Chevron's 1Q Paints a Mixed Picture as Sales Lag Behind Estimates

Chevron (NYSE:CVX) narrowly topped forecasts on Friday with a 4.2% rise in first-quarter profits, but the second-largest U.S. energy company’s revenue badly trailed Wall Street’s expectations.

San Ramon, Calif.-based Chevron said it earned $6.47 billion, or $3.27 a share, last quarter, compared with a profit of $6.21 billion, or $3.09 a share, a year earlier. Analysts had expected EPS of $3.26.

Revenue inched up less than 1% to $60.7 billion, widely missing the Street’s view of $72.42 billion.

“We continued to post strong earnings and healthy cash flows,” CEO John Watson said in a statement. “This has enabled us to both reward our shareholders with a substantial dividend increase, our third in just over a year, and to reinvest in profitable growth projects to help meet rising global energy demand.”

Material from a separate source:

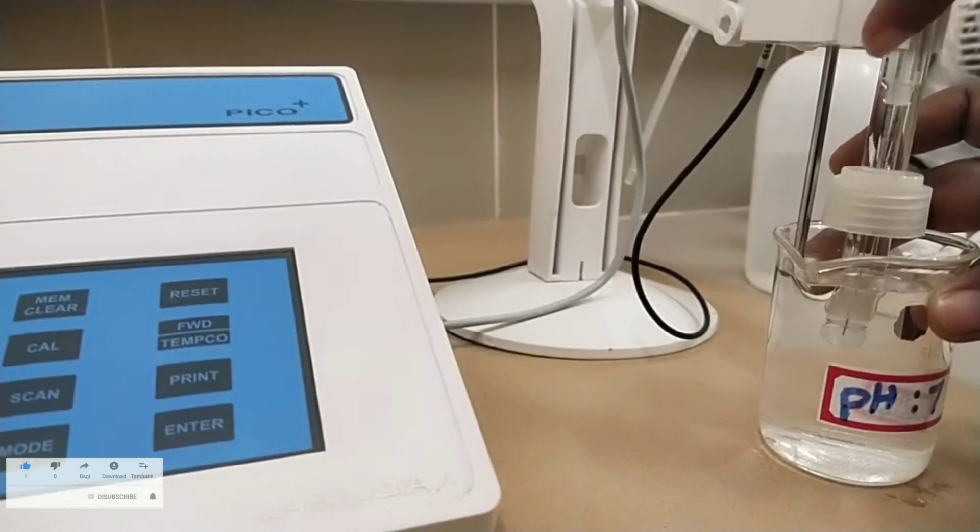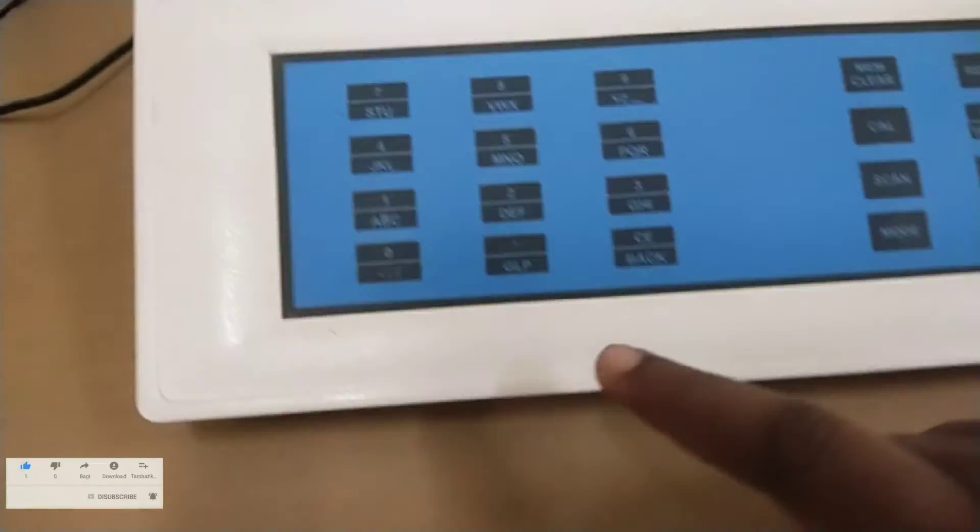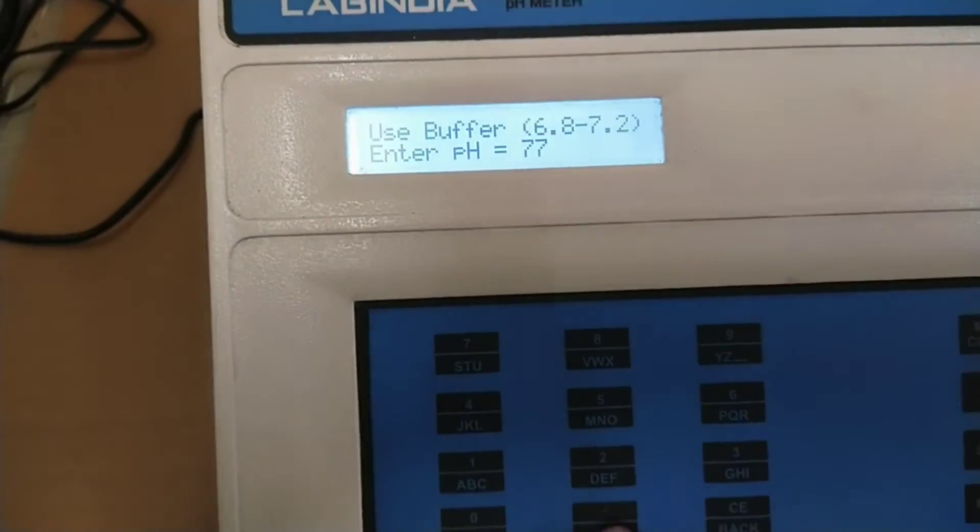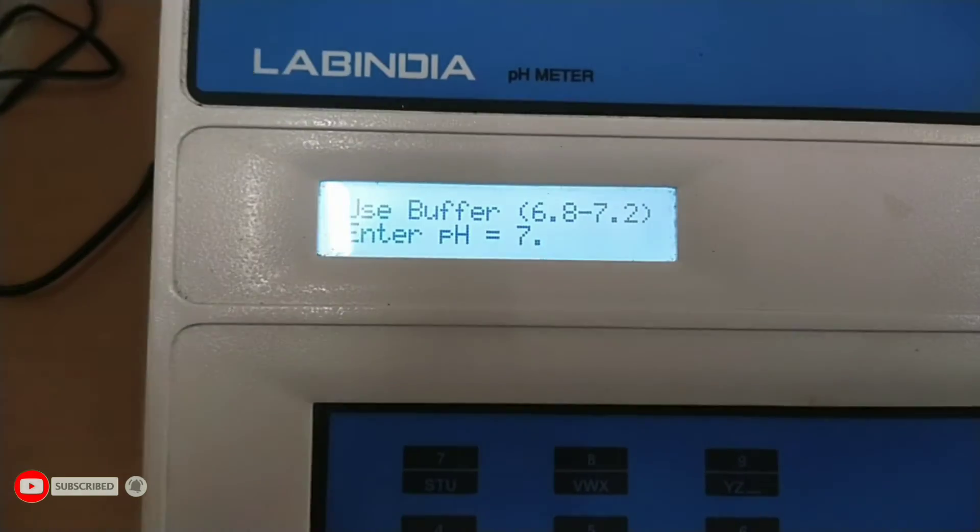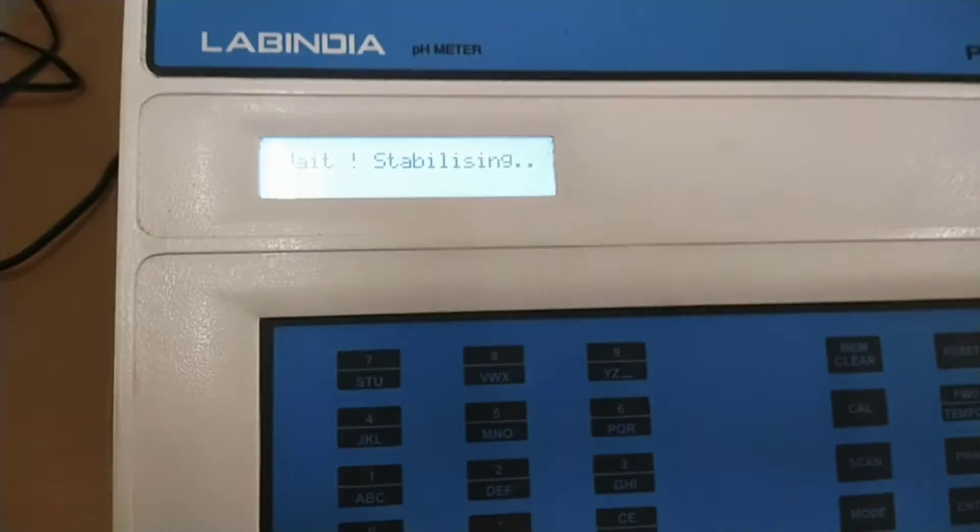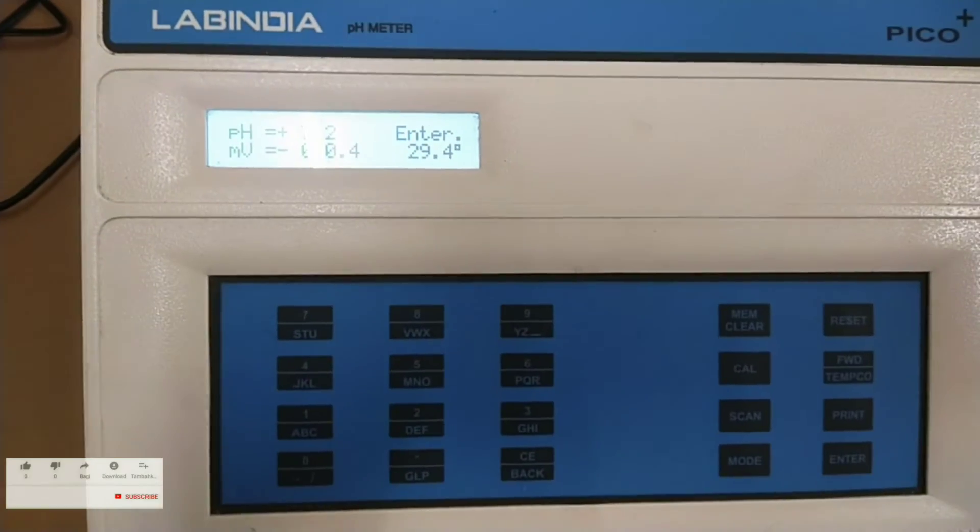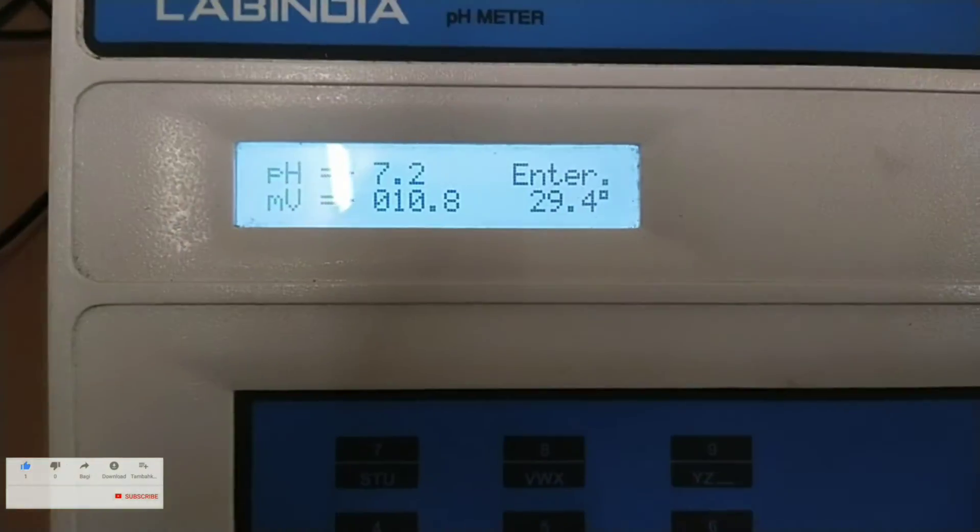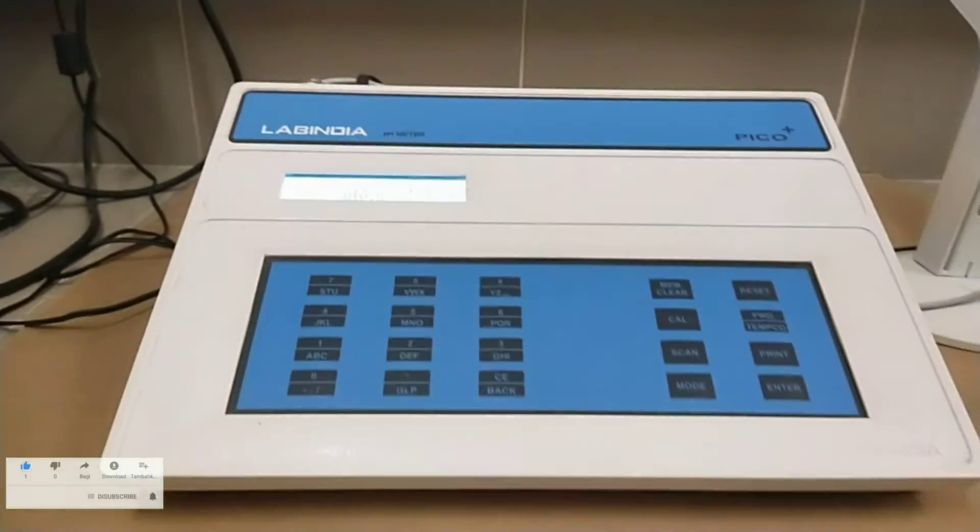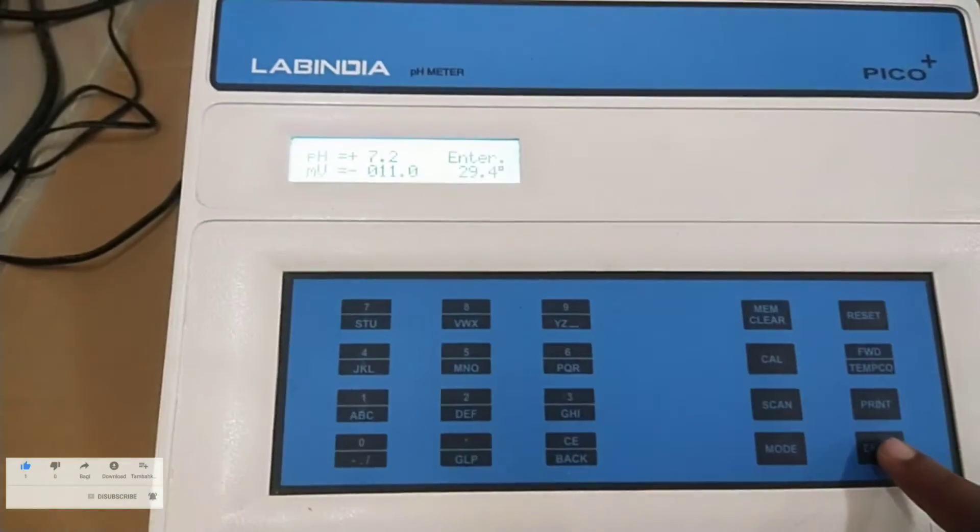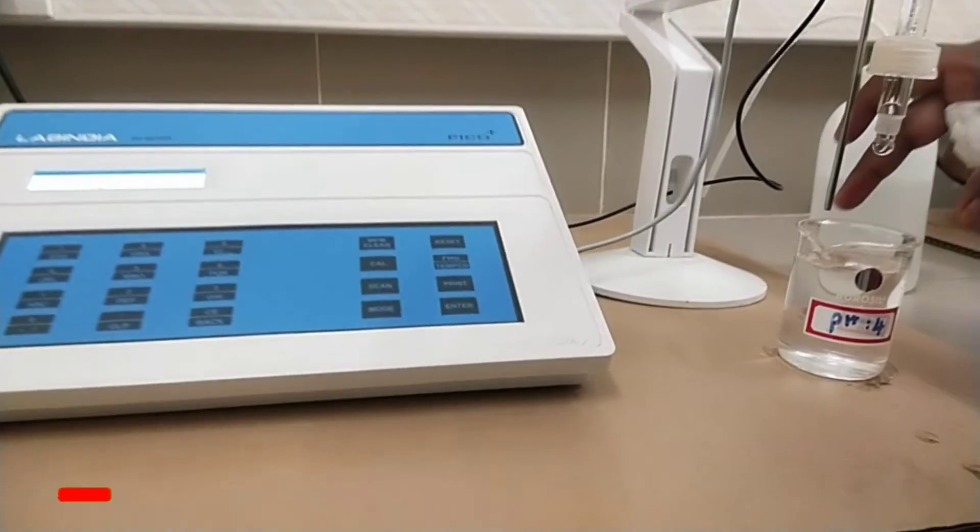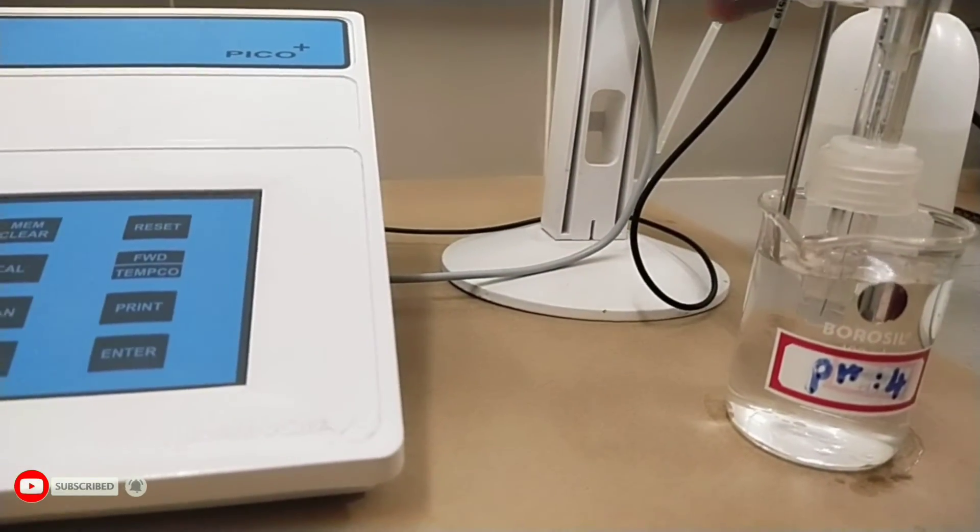Now after cleaning the pH electrode insert the pH electrode in pH 7 solution buffer. Enter the value pH 7.00. Now press enter key. It displays reading. Again remove the pH electrode from pH 7 buffer solution and rinse the pH electrode with distilled water. Remove the excess water by soaking it with tissue paper. Here the instrument provides option for the user to start either with acidic buffer or basic buffer.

Chevron’s upstream earnings rose to $6.17 billion from $5.98 billion despite a decline in global oil-equivalent production to 2.63 million barrels per day from 2.76 million.

Downstream profits came in at $804 million last quarter, down from $622 million, as refined product sales ebbed to 1.24 million barrels per day.

Shares of Chevron were flat early Friday, and have been stagnant so far this year, off less than 0.2%.

The Chevron report comes a day after ExxonMobil (NYSE:XOM), the world’s largest publicly traded energy company, posted a steeper-than-expected 11% decline in first-quarter profits.